• [ACTIVITY]:
Please copy out the entries below exactly, beginning with the line that contains "GARETT - Garett" and ending with the line that contains "Old Dominion - NCAA", and include nothing outside that span.

• [SUPPLIED RECORDS]:

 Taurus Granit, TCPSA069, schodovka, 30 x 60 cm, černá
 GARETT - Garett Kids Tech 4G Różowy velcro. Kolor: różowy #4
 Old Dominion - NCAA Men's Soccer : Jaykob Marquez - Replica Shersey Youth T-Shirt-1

--

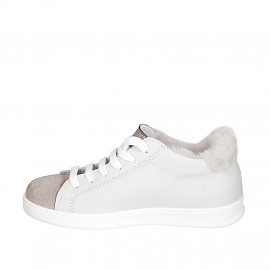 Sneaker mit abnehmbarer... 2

* * *

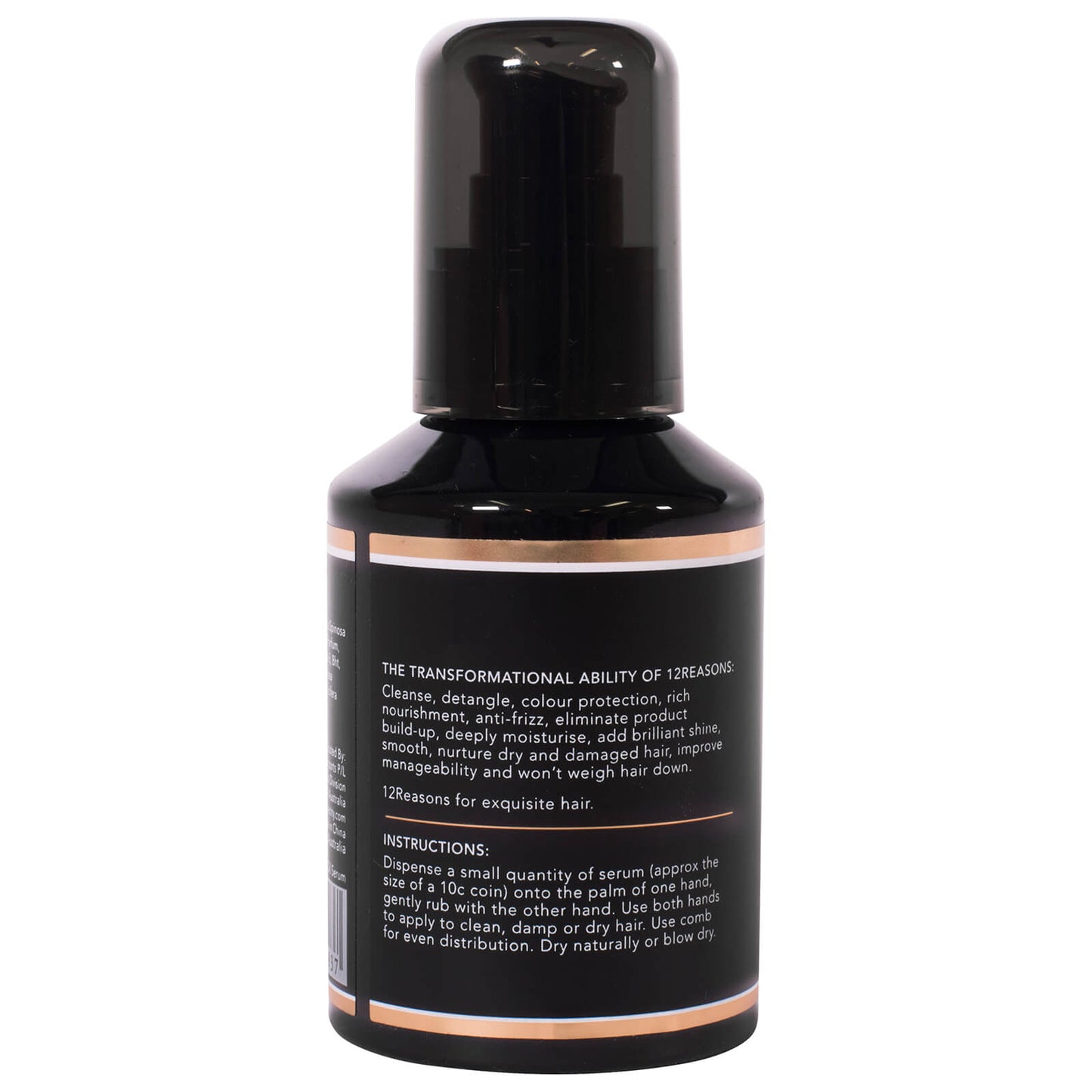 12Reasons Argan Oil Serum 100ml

• [RESULT FOR THIS EXERCISE]:
 GARETT - Garett Kids Tech 4G Różowy velcro. Kolor: różowy #4
 Old Dominion - NCAA Men's Soccer : Jaykob Marquez - Replica Shersey Youth T-Shirt-1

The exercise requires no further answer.